§ PROVIDED ENTRIES
[Start of Attachment]

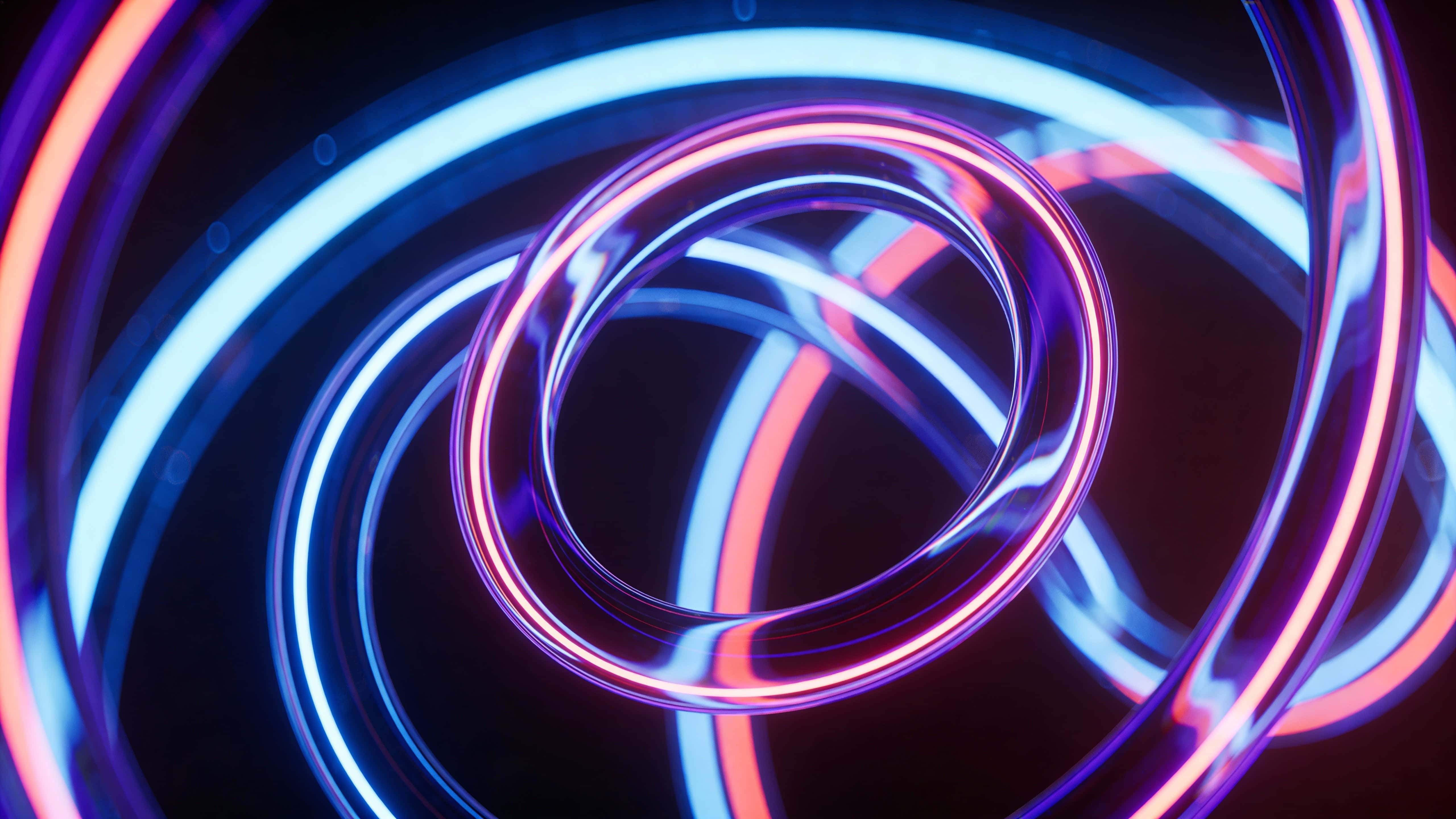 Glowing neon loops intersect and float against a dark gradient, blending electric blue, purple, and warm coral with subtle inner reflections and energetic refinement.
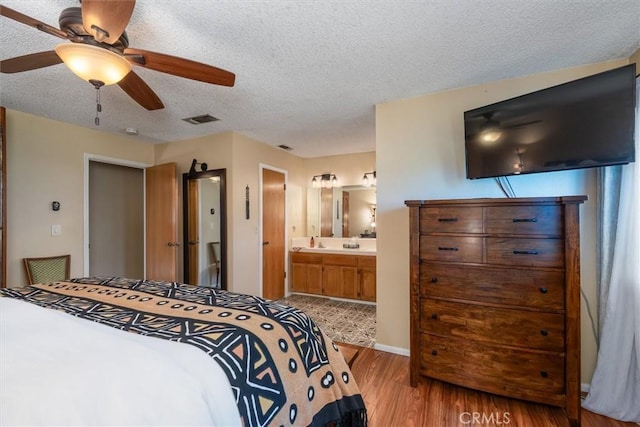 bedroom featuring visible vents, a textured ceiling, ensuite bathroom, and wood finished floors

[End of Attachment]
[Start of Attachment]

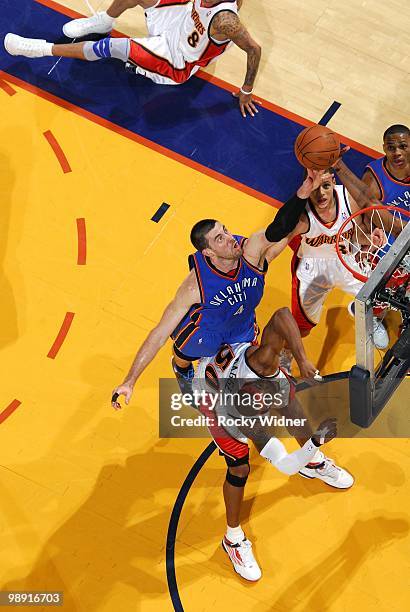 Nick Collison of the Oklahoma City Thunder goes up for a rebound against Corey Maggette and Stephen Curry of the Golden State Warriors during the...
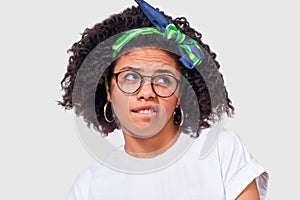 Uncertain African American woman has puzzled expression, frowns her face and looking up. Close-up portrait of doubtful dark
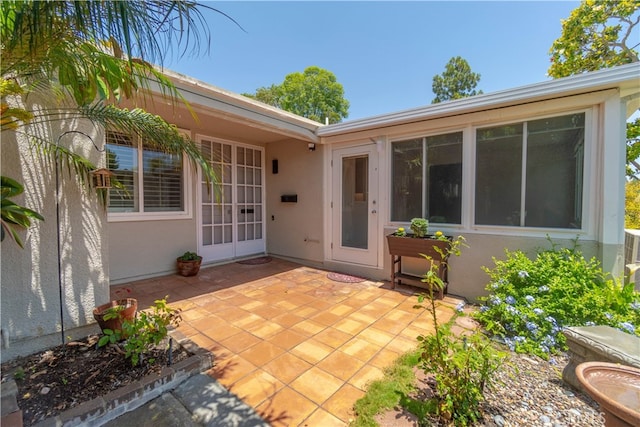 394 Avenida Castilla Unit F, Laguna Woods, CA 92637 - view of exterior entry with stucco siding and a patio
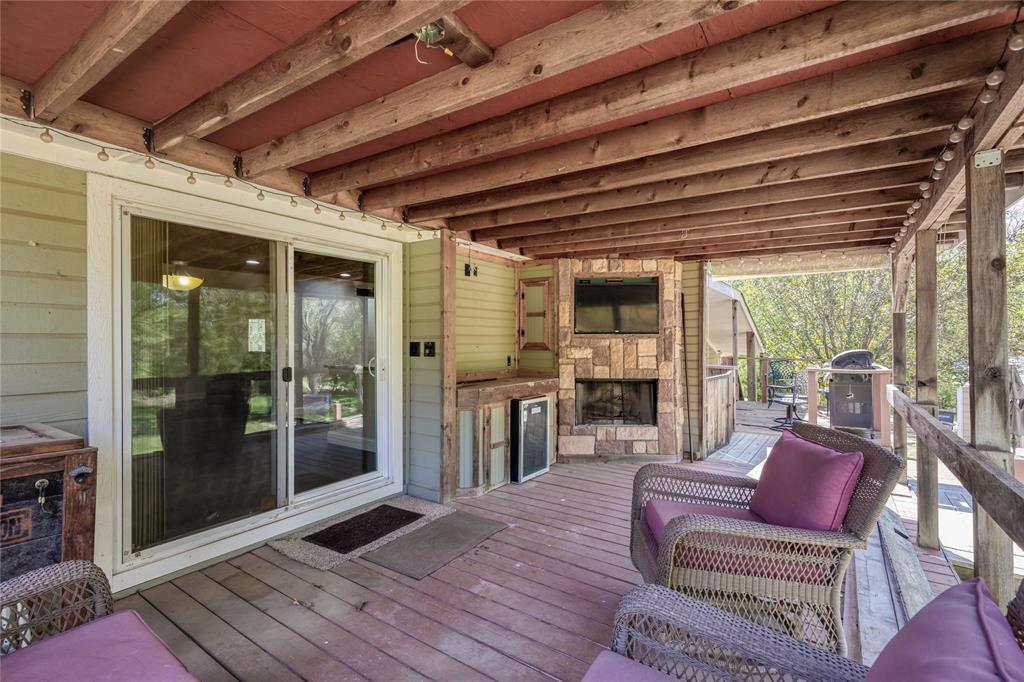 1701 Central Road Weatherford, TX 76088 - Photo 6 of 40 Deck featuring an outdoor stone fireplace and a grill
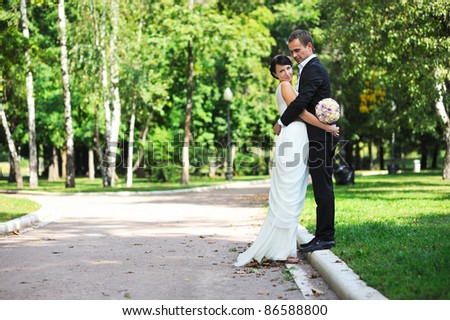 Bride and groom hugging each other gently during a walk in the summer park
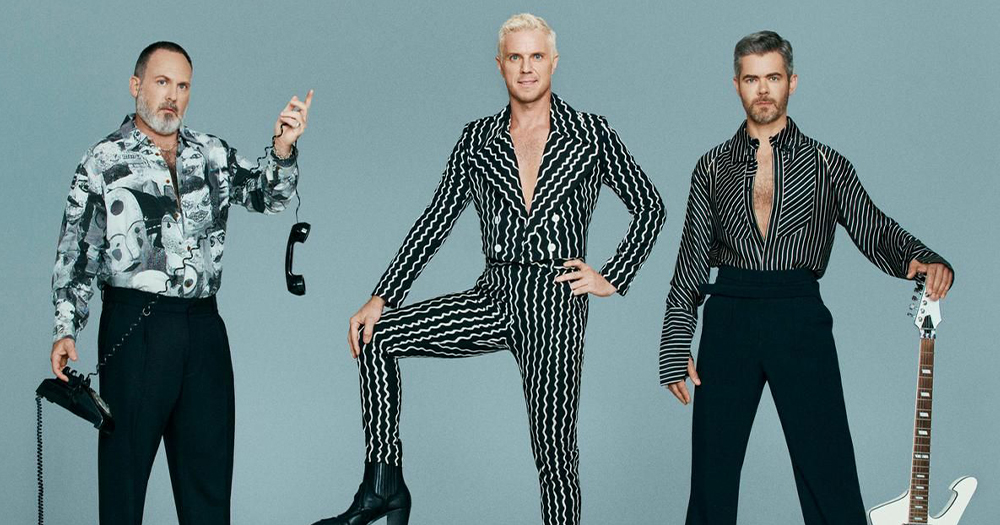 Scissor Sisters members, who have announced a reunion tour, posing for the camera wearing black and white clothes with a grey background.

[End of Attachment]
[Start of Attachment]

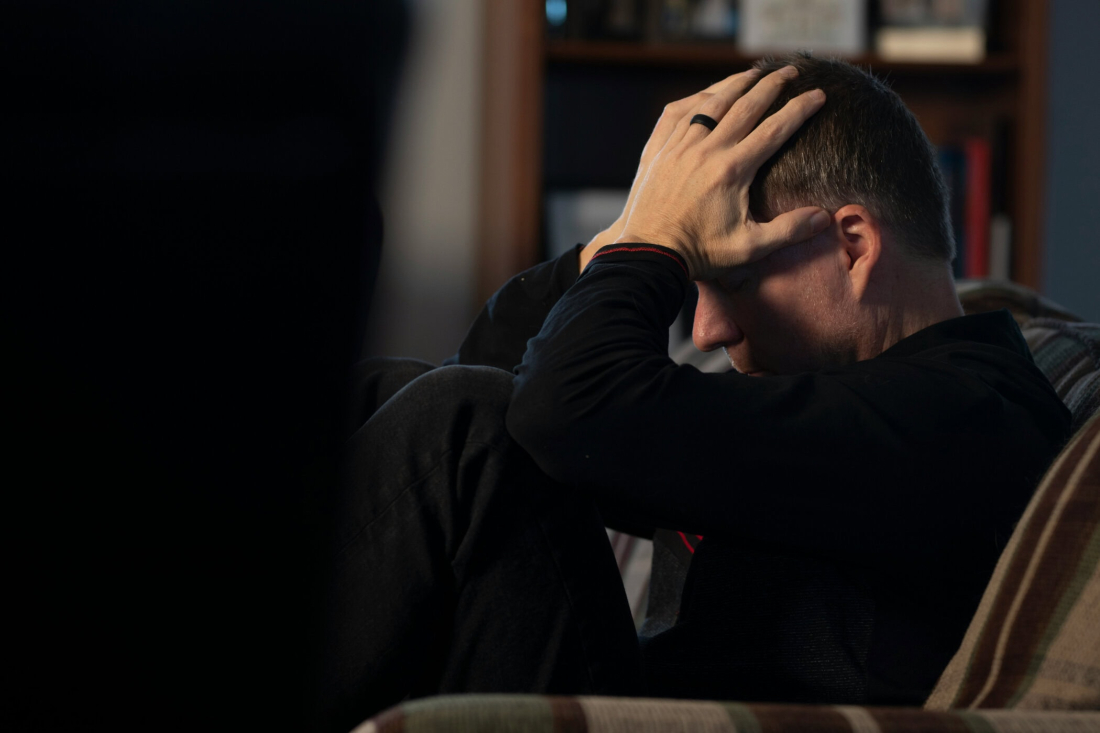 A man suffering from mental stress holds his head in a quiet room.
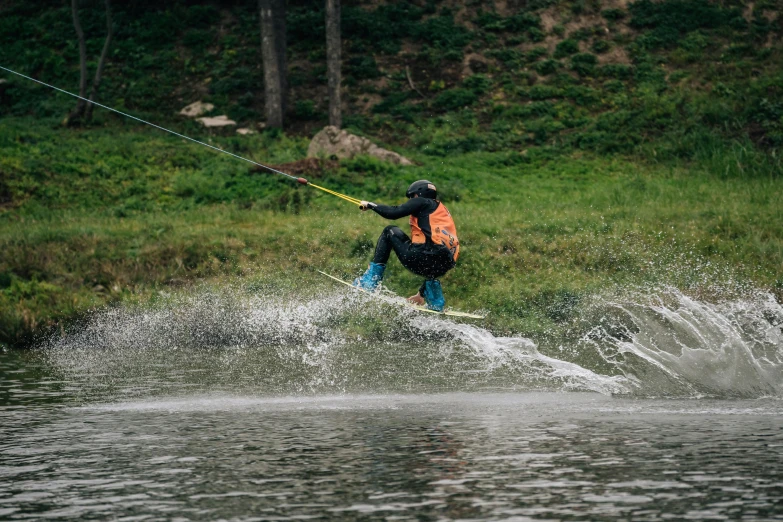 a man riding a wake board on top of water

[End of Attachment]

§ WHAT YOU SHOULD DO
Write back word for word every line in the entries above from the one with "Glowing neon loops" to the one with "bedroom featuring visible", ends included, and none of the pictures.

§ COMPLETED TASK
 Glowing neon loops intersect and float against a dark gradient, blending electric blue, purple, and warm coral with subtle inner reflections and energetic refinement.
 bedroom featuring visible vents, a textured ceiling, ensuite bathroom, and wood finished floors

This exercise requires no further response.